Las ventajas y desventajas de ambas especializaciones se hacen evidentes en la carretera mojada: el Z06 exige un pie derecho cuidadoso y reacciones rápidas, mientras que el E-Ray se agarra con seguridad al asfalto, permitiendo una conducción mucho más relajada y transmitiendo considerablemente más potencia al suelo mojado.
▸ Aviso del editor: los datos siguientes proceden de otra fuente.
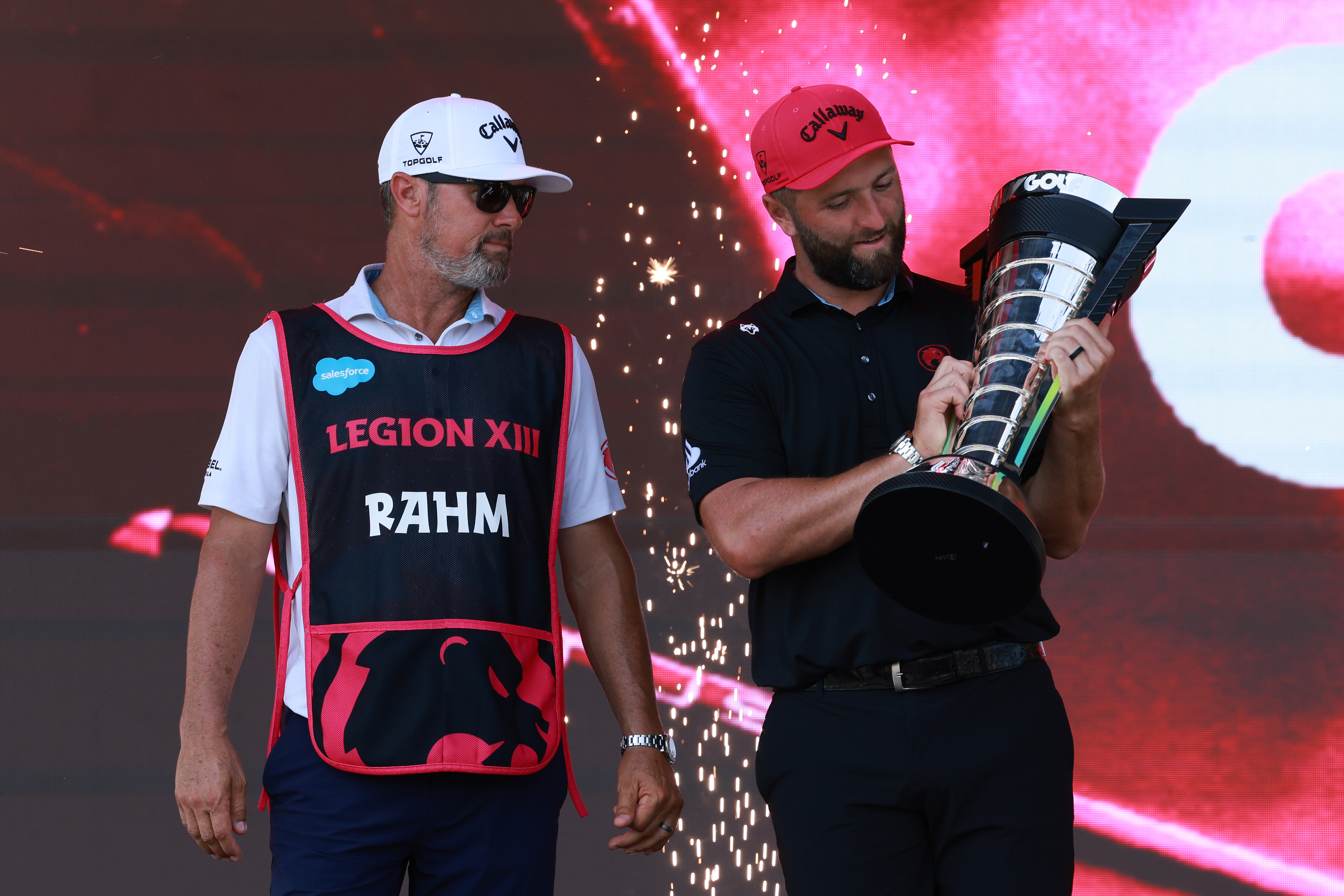 Jon Rahm poses with the LIV Golf individual title alongside his caddie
Sorprende en el Z06 cuánto confort residual aún ofrece. Aun así, se nota claramente que hay una bestia más salvaje bajo la carrocería ensanchada; es perceptiblemente más firme, la dirección mucho más sensible, y al entrar en curva reacciona con mayor precisión, ya que la carrocería está más rígidamente unida al chasis y, en consecuencia, balancea menos.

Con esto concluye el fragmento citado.